Paquirri , 29 aniversario

Era sobre esta hora, minuto arriba minuto abajo.
 Sabíamos que la muerte ronda las plazas, que cualquier día puede devenir en tragedia. Que esto no tiene trampa, ni cartón. Pero no podía ser. A él no.
 Tan tiarrón, tan poderoso. Tan torero.
 Tan tranquilo en mitad del caos como un Cristo Yacente en una carrera loca por el callejón, en directo, ante la mirada de un país incrédulo con los ojos cosidos a la pantalla y el corazón en un puño : "Haga usted lo que tenga que hacer". Mirando a los ojos a la muerte, como tantas veces, como en la foto en blanco y negro que ilustra esta ventana berrenda, con aquella mirada azul que era un continente en el que se refugió la mujer más salvajemente bella de España. Carmina. Hija de torero. Madre de toreros.
Era esta hora, minuto arriba, minuto abajo. Era una hora en la que daban igual las horas. 
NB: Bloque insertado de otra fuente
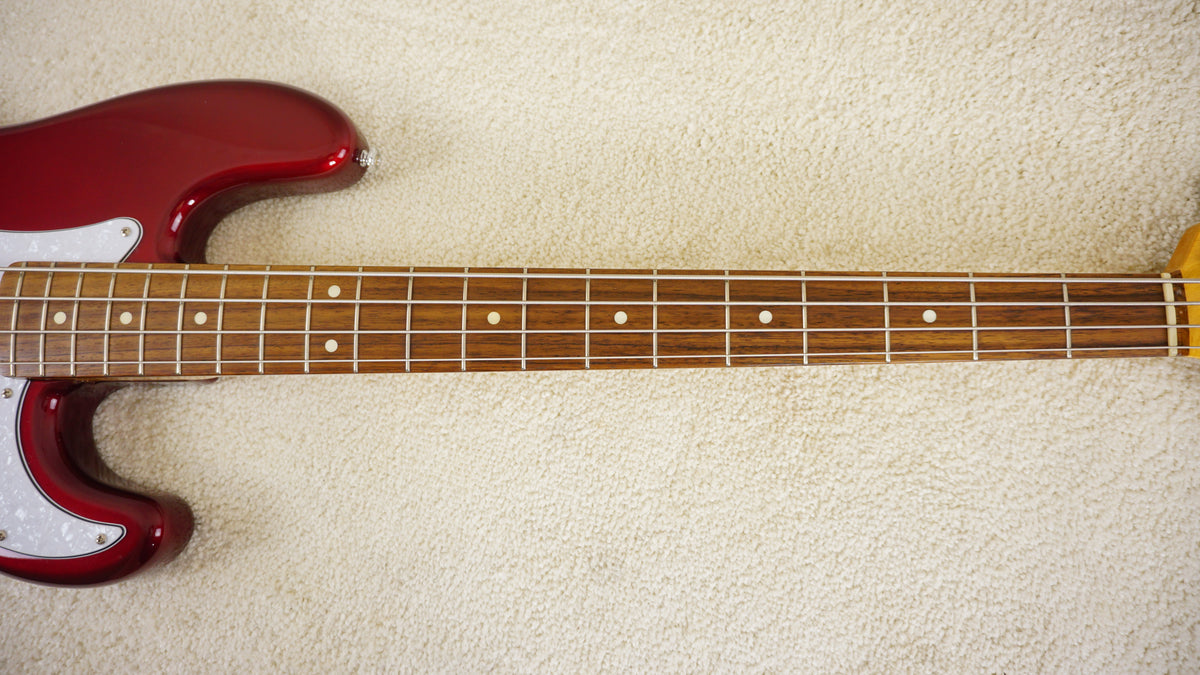 2012 Fender Japan PB62 Precision Bass Old Candy Apple Red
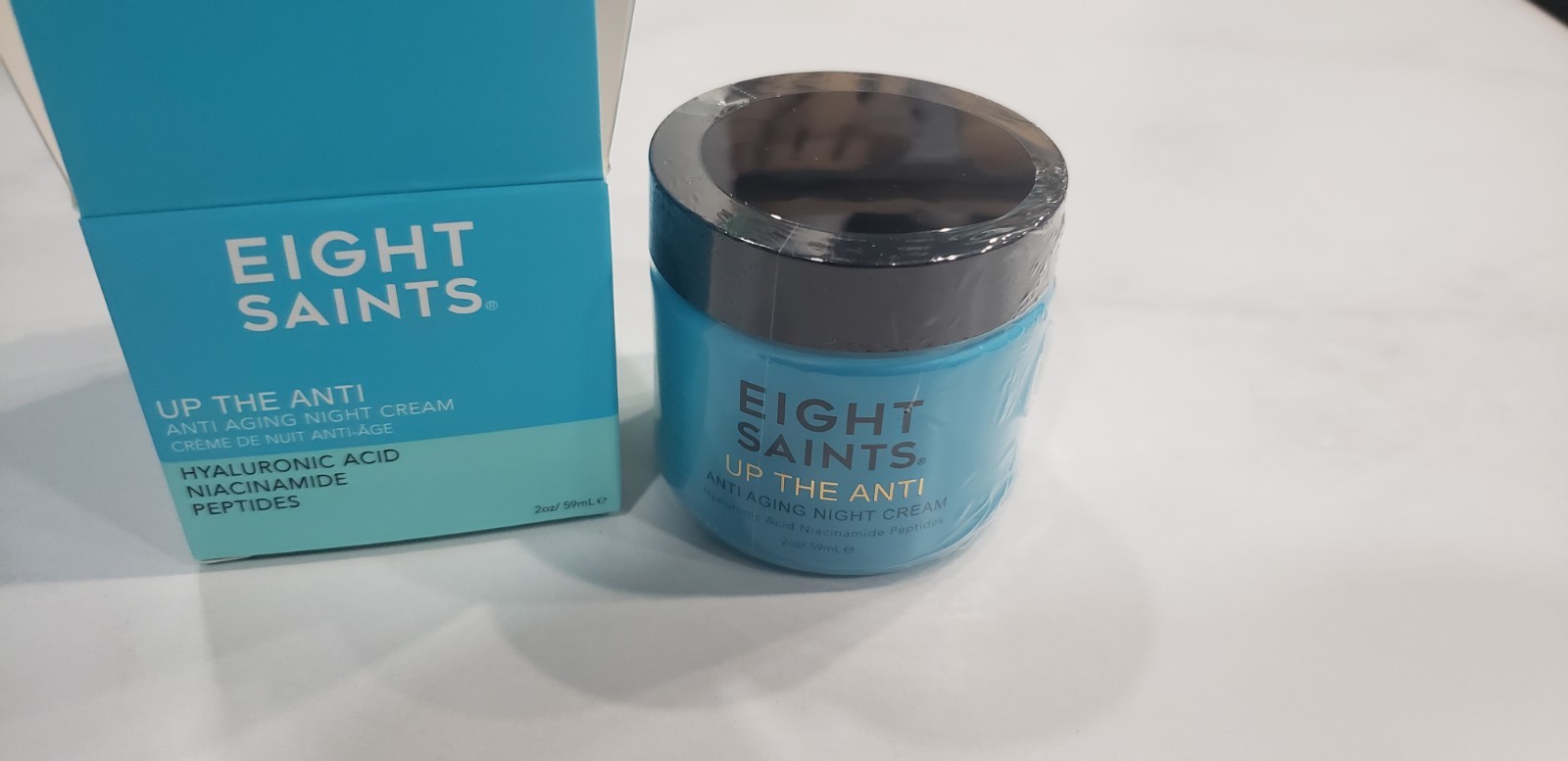 Eight Saints Skin Care Up the Anti Night Cream Face Moisturizer New Sealed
Ya no había horas. Sabíamos que el tributo de la gloria es a veces la muerte, que el peaje de ser torero es la vida. Y luego la eternidad. Siempre. Pero a él no podía pasarle
. Lo adoraban los aficionados por su poderío, mandó tarde tras tarde; lo adoraban las marujas de barrio enganchado del brazo de la Pantoja en las revistas de la peluquería. 
Lo adoraba el toreo, que sabía que era un dios de la guerra descendido a la carne, con los pies pegados a la tierra, con el que no se atrevía ni siquiera la muerte.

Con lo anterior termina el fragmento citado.